Transformação tem que doer?
Confira a coluna desta quinta-feira (30)
Por que, quando falamos de transformação, associamos automaticamente à dor? Dizemos que a borboleta sofre uma metamorfose para se tornar livre e bela. A mudança, ao que parece, sempre carrega um discurso de que “vai doer, mas vai ser bom”. Mas será que precisa doer mesmo?
Se pensarmos bem, estamos nos transformando o tempo todo. Desde o momento em que nascemos, estamos em constante mudança, ainda que nem sempre a percebamos.

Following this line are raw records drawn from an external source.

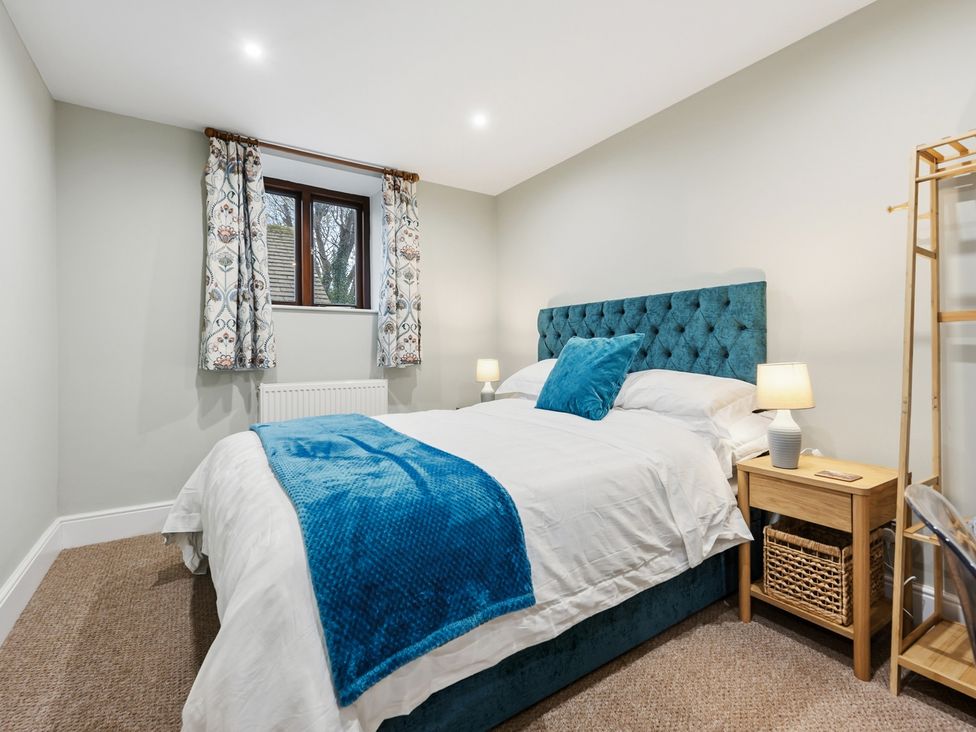 A bedroom with a bed and bedside table at The Forge in Castleton, Peak District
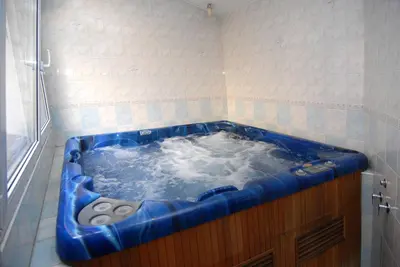 a large blue tub in a tiled bathroom at Hotel Opera in Prague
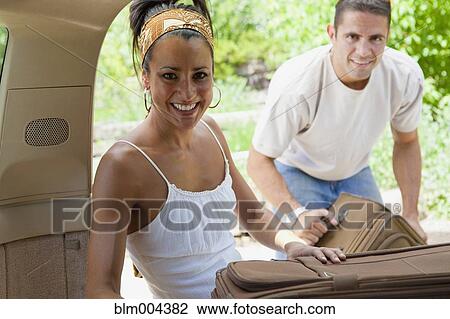 Hispanic couple putting suitcases in car View Large Photo Image Stock Image - Hispanic couple putting suitcases in car. Fotosearch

O filme “O Curioso Caso de Benjamin Button”, estrelado por Brad Pitt, nos dá um choque ao inverter a ordem natural: ele nasce velho e morre jovem. Nos espantamos porque não é assim que conhecemos a vida.
Na verdade, talvez nem percebamos o quanto estamos mudando no dia a dia. Somos pegos pelo cotidiano e pela rotina que precisamos inventar alguma moda para falar que mudamos.
Cortar ou pintar o cabelo, fazer uma cirurgia ou um procedimento estético e até mesmo mudar de país. Parece que, se não for visível, nada está acontecendo... Mas não é verdade. Pode perguntar para seu filho adolescente e os hormônios dele!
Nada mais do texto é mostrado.